## Task to complete
A complete answer retypes each of the records below precisely and includes none of the pictures.

[Short descriptive text snippets]
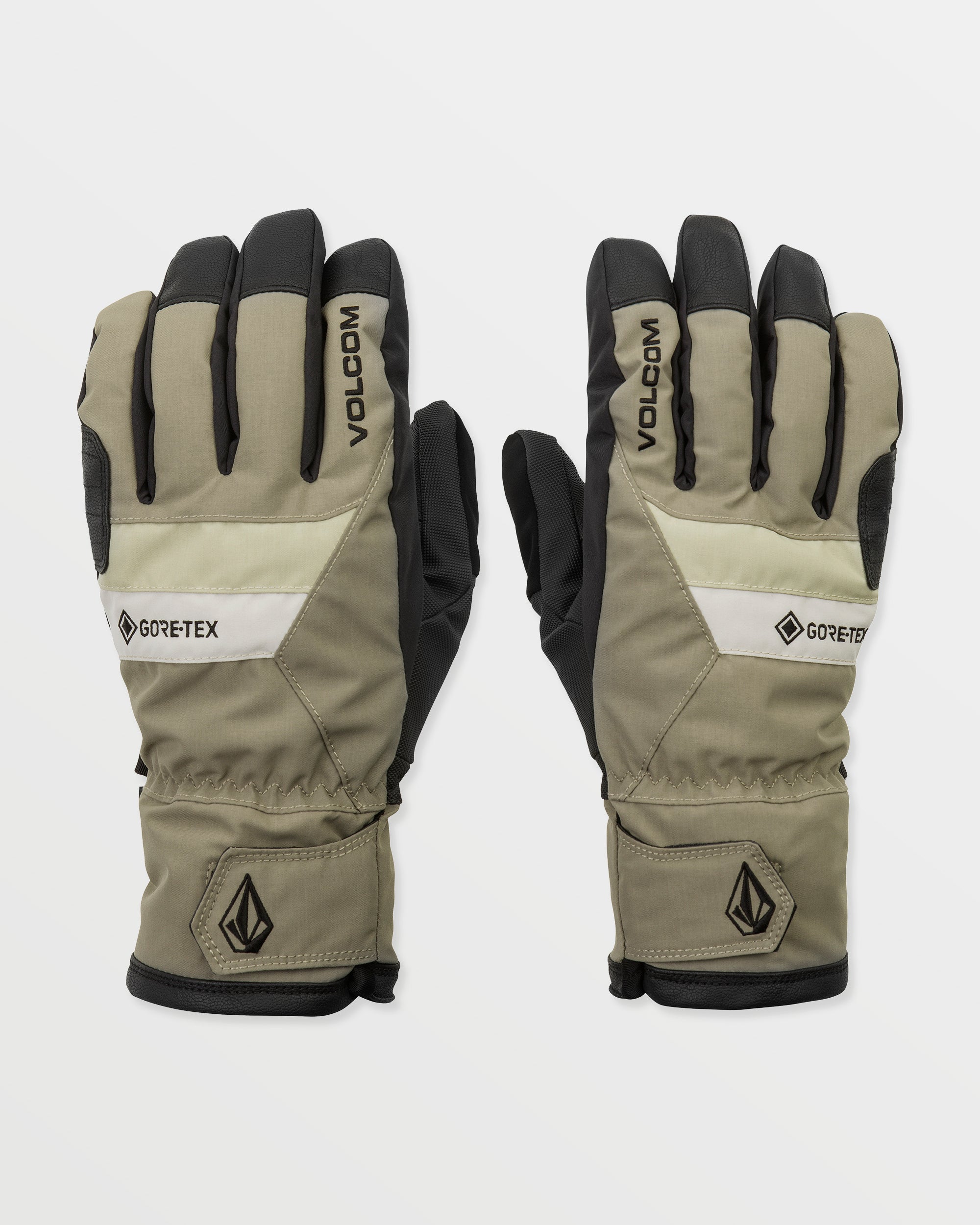 Mens Cp2 Gore-Tex Glove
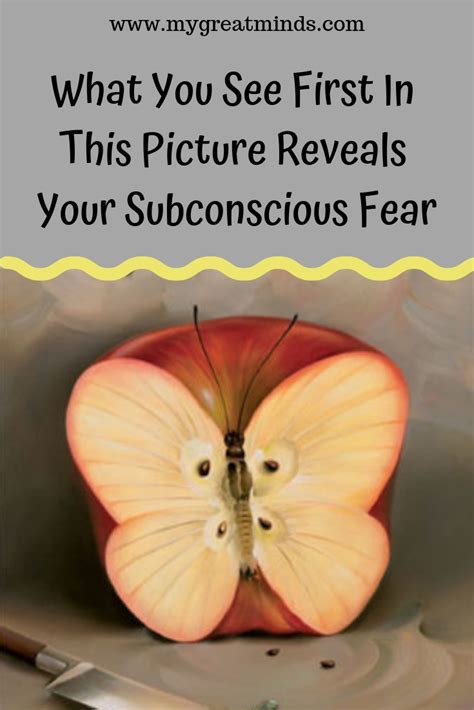 Anxiety and Fear: Unveiling the Subconscious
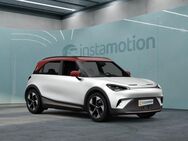 smart #1, Brabus °, Jahr 2023 - München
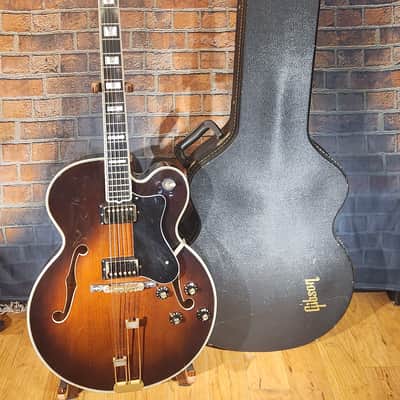 Epiphone Emperor-F | Reverb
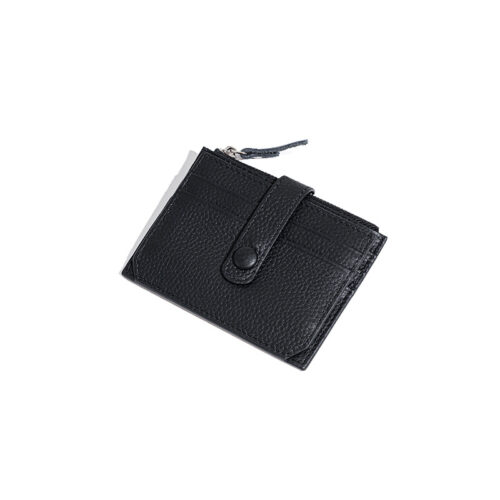 Amelia Snap Wallet - Wallets - zybags.com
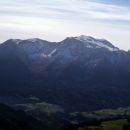 totes gebirge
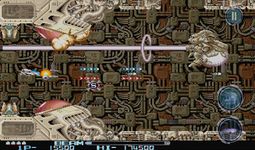 R-TYPE II Screenshot APK 12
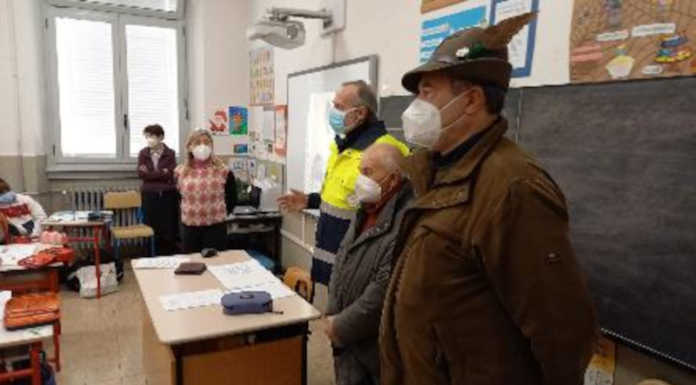 Casatenovo con Cassago Chiama Chernobyl per l’Ucraina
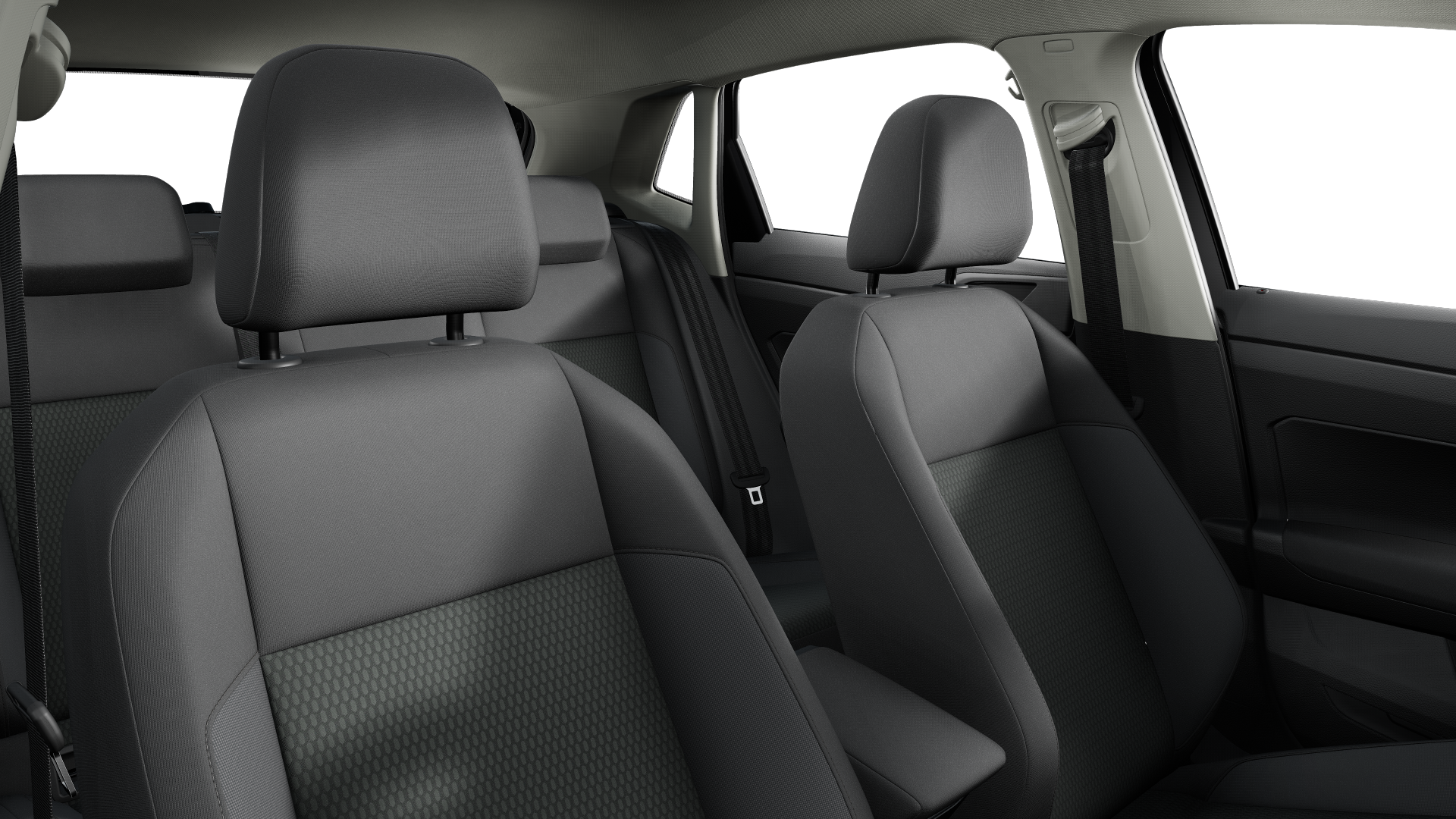 Volkswagen Polo 1.0 TSI DSG Life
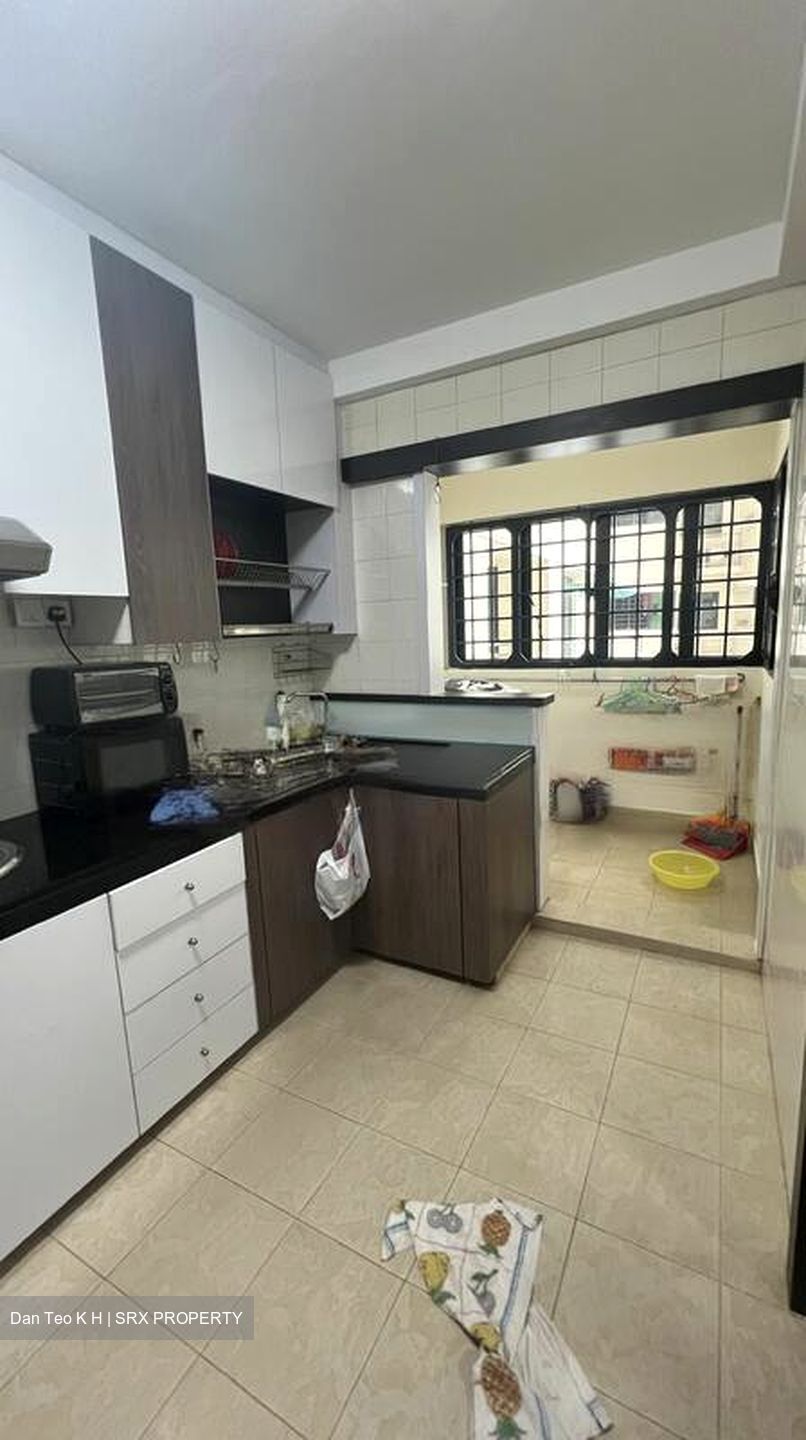 Blk 685C Jurong West Central 1 (Jurong West), HDB 5 Rooms #565541471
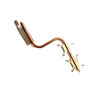 Lapop Heatsink For DELL 0VGMCX VGMCX New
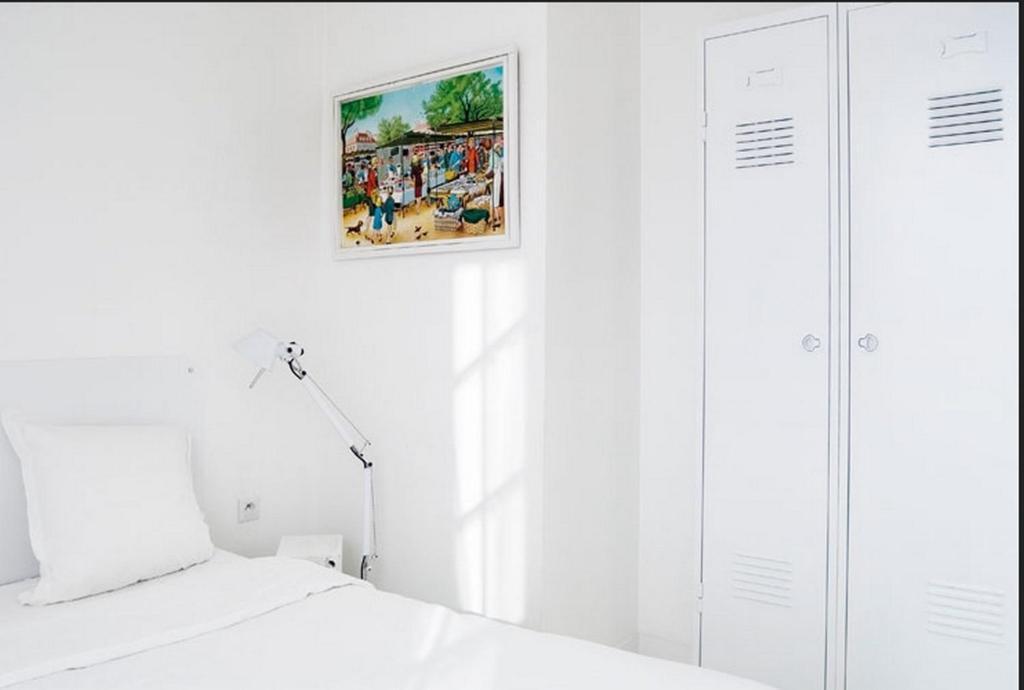 Double Room - Under Graduate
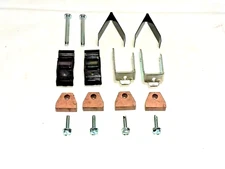 1107360 Starter Repair Rebuild Kit  Delco Remy 10 MT Starters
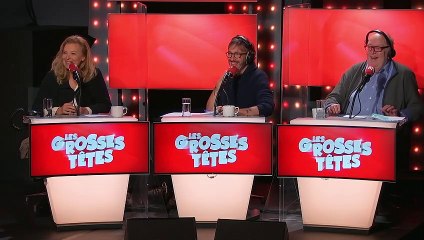 Les cheveux de Valérie Mairesse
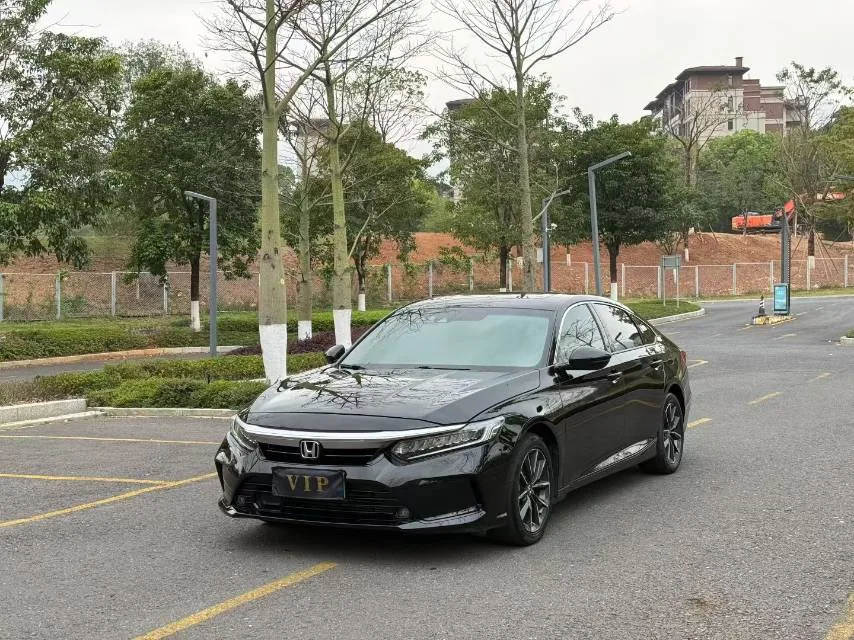 Inspire 2022 260TURBO Premium Edition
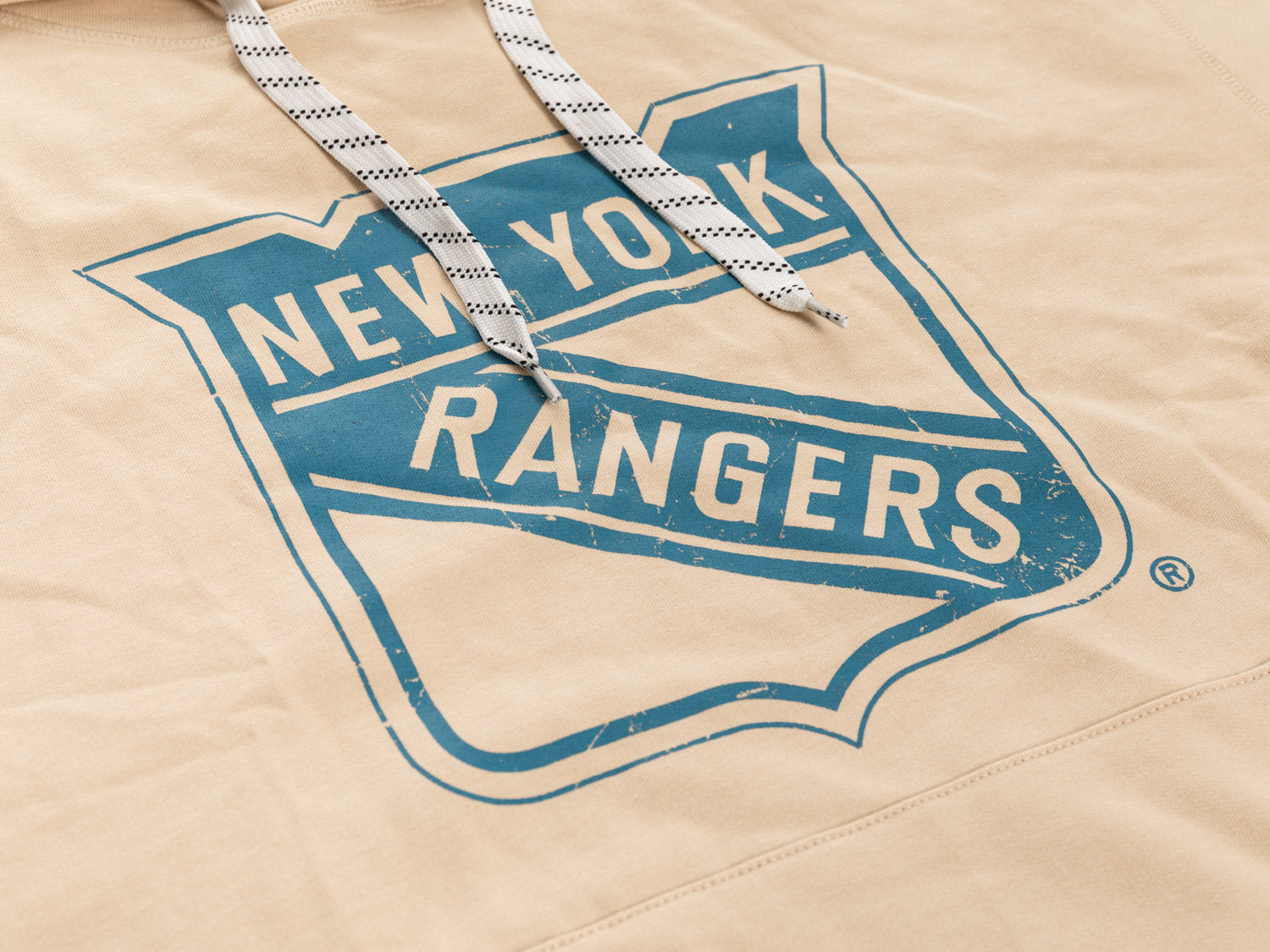 New York Rangers Vibes Hoodie - Shopthatapp.ca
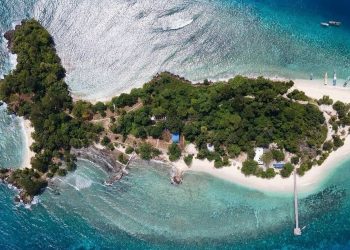 Thousands of Chinese Tourists Visit North Sulawesi During January 2024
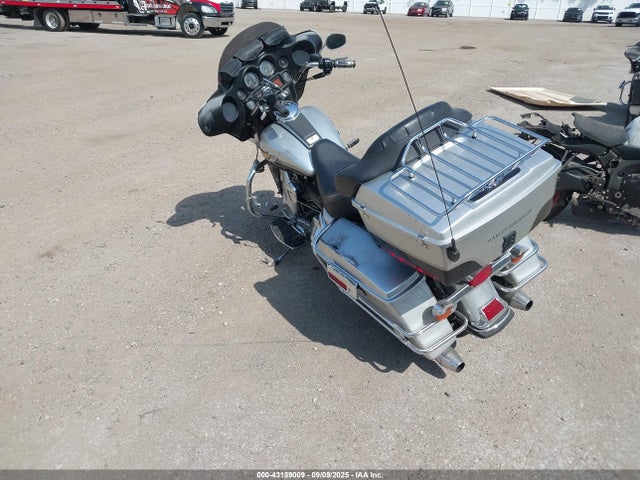 2003 HARLEY-DAVIDSON FLHTCI 1HD1FFW483Y600396 Photo 2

## Output for this exercise
 Mens Cp2 Gore-Tex Glove
 Anxiety and Fear: Unveiling the Subconscious
 smart #1, Brabus °, Jahr 2023 - München
 Epiphone Emperor-F | Reverb
 Amelia Snap Wallet - Wallets - zybags.com
 totes gebirge
 R-TYPE II Screenshot APK 12
 Casatenovo con Cassago Chiama Chernobyl per l’Ucraina
 Volkswagen Polo 1.0 TSI DSG Life
 Blk 685C Jurong West Central 1 (Jurong West), HDB 5 Rooms #565541471
 Lapop Heatsink For DELL 0VGMCX VGMCX New
 Double Room - Under Graduate
 1107360 Starter Repair Rebuild Kit  Delco Remy 10 MT Starters
 Les cheveux de Valérie Mairesse
 Inspire 2022 260TURBO Premium Edition
 New York Rangers Vibes Hoodie - Shopthatapp.ca
 Thousands of Chinese Tourists Visit North Sulawesi During January 2024
 2003 HARLEY-DAVIDSON FLHTCI 1HD1FFW483Y600396 Photo 2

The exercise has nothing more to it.